COGNITIVE AI AND ONTOLOGIES
Many of the examples in this book are from a group of applications referred to as “cognitive” AI. This class of AI seeks to improve how humans interact with computers and requires an intentional approach to building out the underlying knowledge architecture—or, as we discuss throughout the book, the ontology.
There are other classes of machine learning and analytics types of AI whose algorithms may not depend as extensively on this knowledge engineering approach. However, I want to make two distinctions here. While this book focuses a great deal on cognitive types of AI, I will show how other types of AI that leverage a range of purely data-centric approaches (deep learning and neural networks, for example) can also work better with defined data structures—including knowledge architectures and ontologies.
For example, machine learning algorithms may not need an ontology to function, but applying the results to the business does require the consistency and efficiency provided by an ontology and the resulting knowledge architecture.

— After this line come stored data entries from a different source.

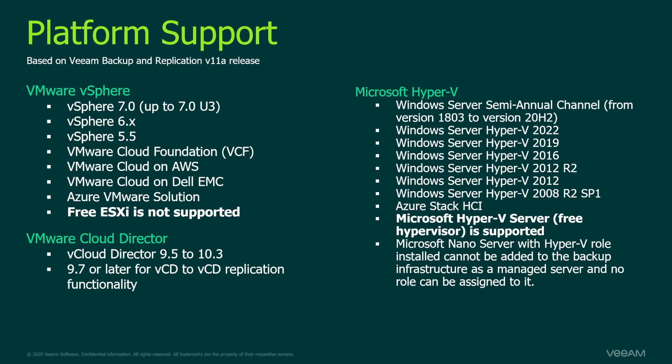In terms of the platforms which are supported, they are listed here. Again it's based on version 11a requirements. On the Hyper-V side you can see on the right hand side. In general all the system requirements up to date are published on our help center in platform support section.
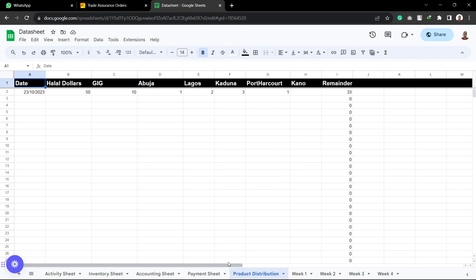So the product distribution is also going to be used by the delivery and payment team. However, in this case, they are going to be writing what product is at which location. So we'll be able to know that we have a certain amount of product at maybe Lagos, a certain amount of product at Kaduna. Maybe we use GIG, a certain amount of product with GIG.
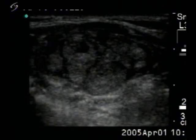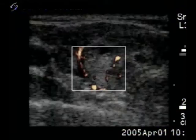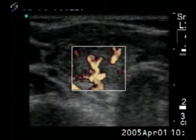Right lobe, horizontal view: multiple isoechoic lesions. Note the hypoechogenicity of the extralobular part.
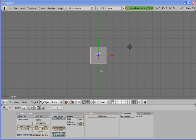Welcome to another lesson in Blender. Today I'm going to be showing you how to create sand particles and create a little animation in Blender.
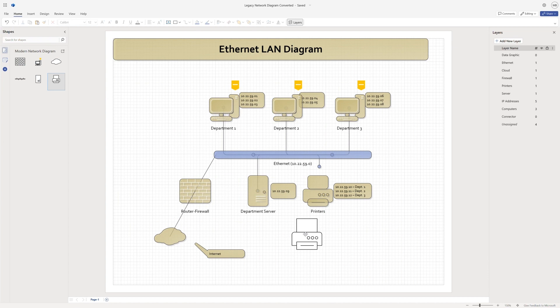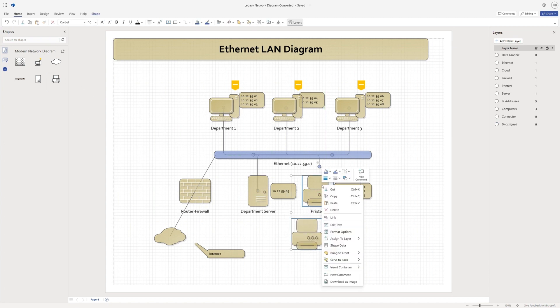Now let's look at containers. They help you visually group shapes and simplify the structure of your diagrams.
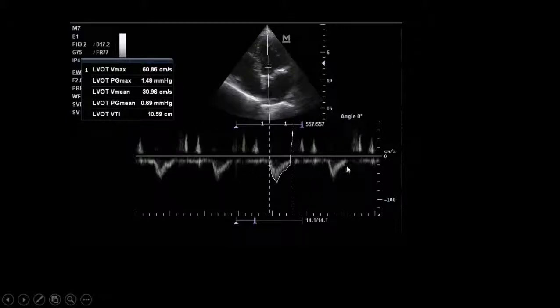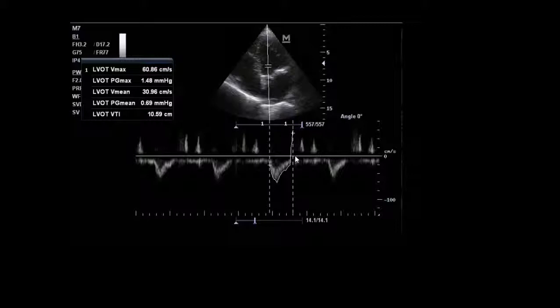During a period of controlled rhythm, we measured the VTI: 10.59cm, which is acceptable. Fitting the pieces together — the patient has ischemic dilated cardiomyopathy, the IVC shows some distensibility possibly suggesting fluid need, but now we can rely on the VTI as there is no arrhythmia at this moment.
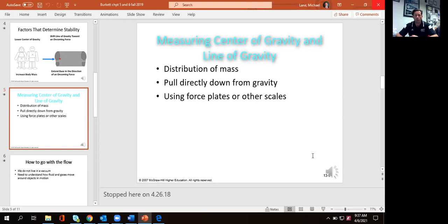Raising your arms overhead — that's going to move your center of gravity higher. You could also get up onto your toes as opposed to being flat-footed, which is another method to slightly increase your center of gravity.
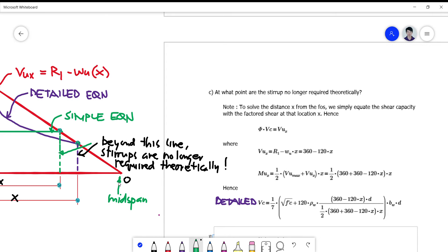To solve the distance x from the face of the support, we equate the shear capacities — both the detailed and simple equations — with the factored shear equation in the form R1 minus WUX. We get the detailed equation for VC and equate it, multiplied by phi, to the factored shear.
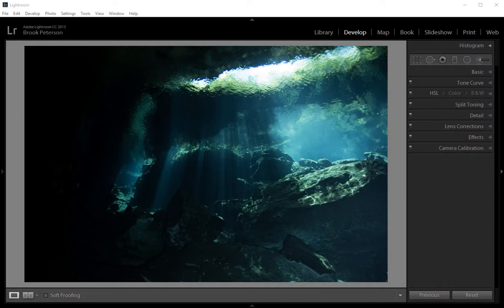Hello and welcome to WaterDog Photography Blog. I'm Brooke Peterson. In October of 2015, Creative Cloud came up with some updates to Lightroom CC.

Similarly, while a neural network may not require an ontology to perform the analysis, application of that analysis does.

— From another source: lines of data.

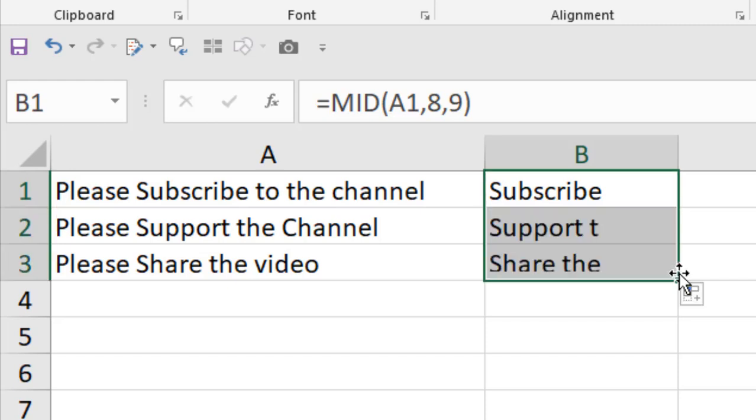If I drag it, you can see it always starts from the 8th character. In this way, you can extract text from the middle of your text string. The MID function has been explained.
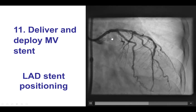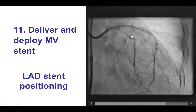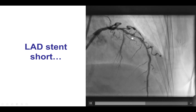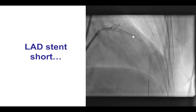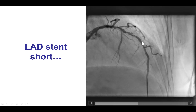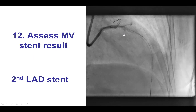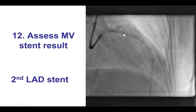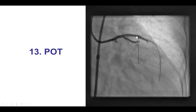We positioned the stent making sure we covered the lesion. It turned out that the stent was slightly short — one disadvantage of not using an automated pullback, which would allow more accurate stent length assessment and could have saved one stent. We deployed the stent and then placed an additional stent at the distal edge of the LAD stent.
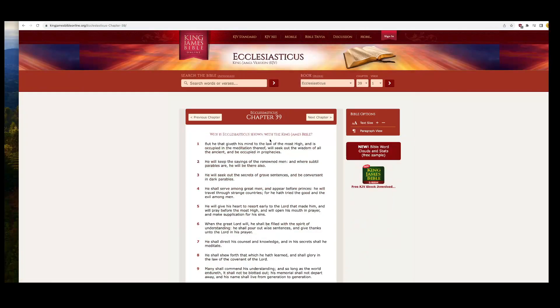This is Shorat, chapter 39 and 1. But he that giveth his mind to the law of the Most High and is occupied in the meditation thereof will seek out the wisdom of all ancient and be occupied in prophecy.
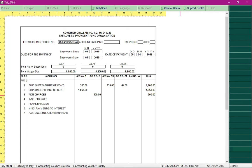In the next video we will talk about processing ESI contribution, making payment towards ESI contribution, and making payment towards professional tax.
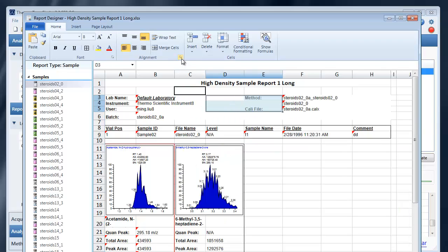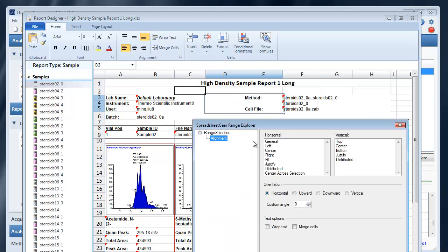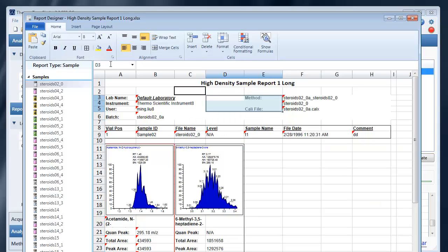You can also click on this icon here to open up the dialog for alignment or the dialog for fonts.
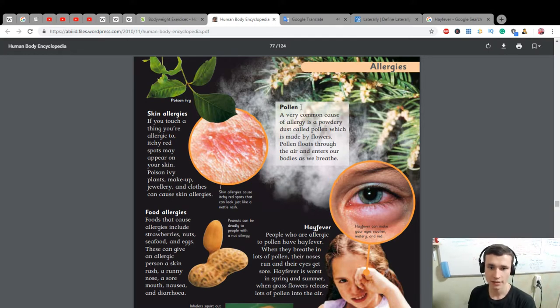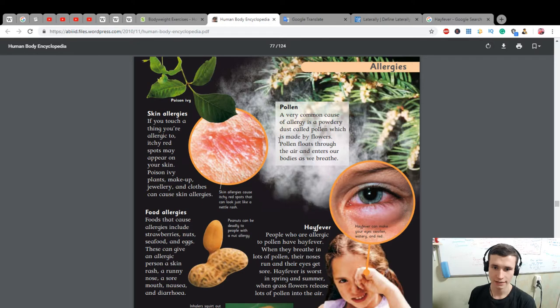A very common cause of allergy is a powdery dust called pollen, which is made by flowers. Pollen floats through the air and enters our body as we breathe.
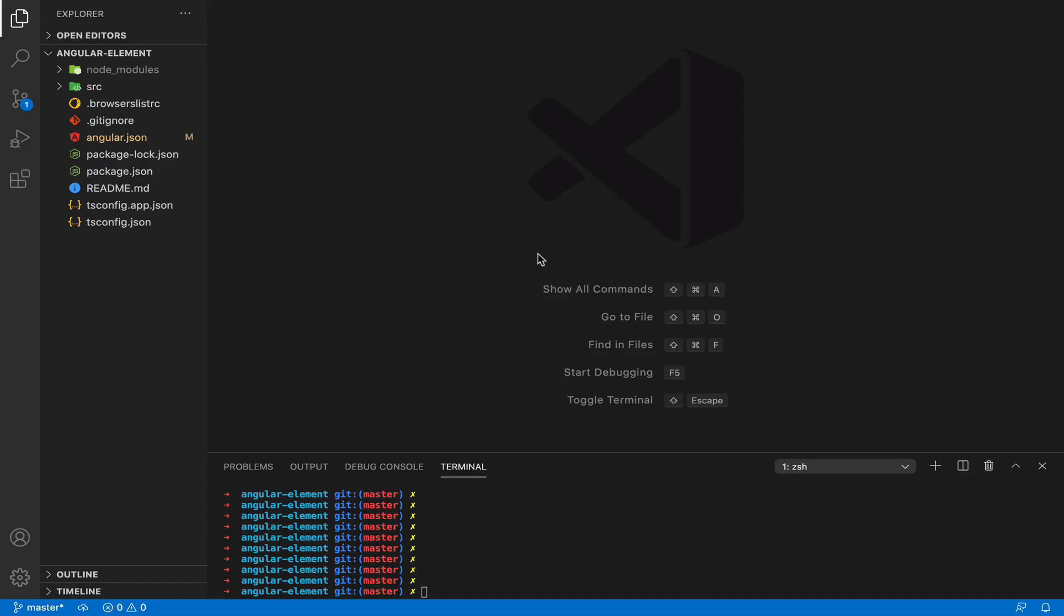Hello everyone! In this episode of Angular Screencast I will tell you about Angular Elements. And what is Angular Elements?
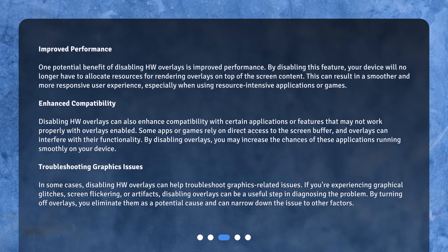If you're experiencing graphical glitches, screen flickering, or artifacts, disabling overlays can be a useful step in diagnosing the problem. By turning off overlays, you eliminate them as a potential cause and can narrow down the issue to other factors.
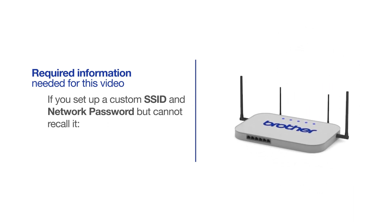If you've set up a custom SSID and network password and cannot recall this information, please contact your router manufacturer. Setup cannot be accomplished without this information.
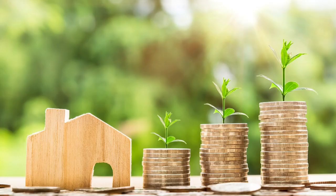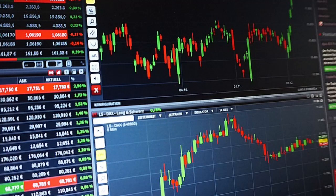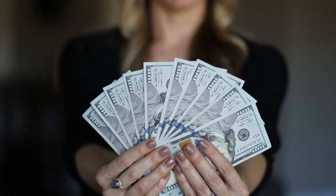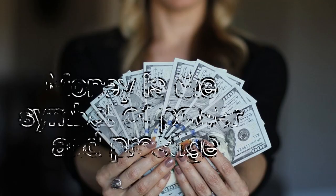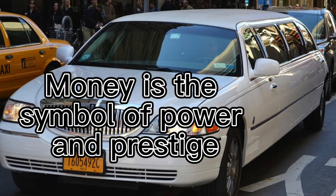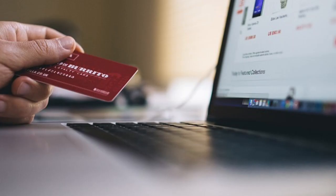The use of currency has had a profound impact on human society, facilitating trade, commerce, and economic growth. It has also been a symbol of power and prestige, with different countries using their currencies as a way to project their influence on the world stage.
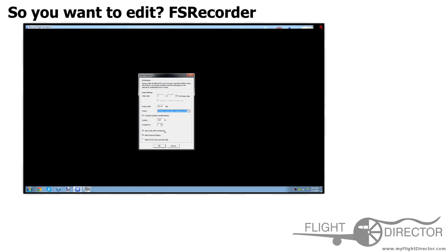Show Info After Rendering. This lets you watch the video after you're done rendering it, which is very useful if you want to check to make sure that everything went smoothly.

Many of the approaches in this book are part of a technology-agnostic tool kit for making changes and improvements that lead to greater efficiencies, increased revenue, and greater differentiation in the marketplace. In many organizations, these approaches have not reached their full potential with current technology. Many of the problems that organizations are turning to AI for are in part due to the fact that the correct approaches have not been operationalized using existing technology. In other words, we are using AI (or trying to do so) to make up for our past sins in poor information hygiene. This is the nature of the industry—fast-changing tools and the inability to absorb and manage change effectively over generations of technology adoption. These approaches are even more critical in today’s competitive landscape.
YOUR CHARGE FOR THE FUTURE
This is a practical book for CEOs, CMOs, and technology executives who want to transform their business to get a jump on the opportunities of the AI future. It’s not just about the technology of AI. It’s about how to manage the change, step by step. It’s also about understanding where to get the money and where the quick wins are. In short, it’s about learning what a business driven by ontology-powered artificial intelligence can do and how to make that happen.
Gaining this edge depends on establishing a foundation that includes pieces of the organizational and technology puzzle. Some of these are likely familiar—such as having the right people supported by the right tools and processes—but they will require new approaches, while others are entirely new (such as fresh ways of looking at how technology can support your customers). In some cases, the missing ingredients will be a new sense of discipline and an increased level of resourcing and commitment applied to known approaches to problems.
To get this edge, executives at your enterprise must create a vision that empowers AI to uniquely deliver your value proposition in support of your customers’ experience, as well as a strategic plan for differentiating from your competitors.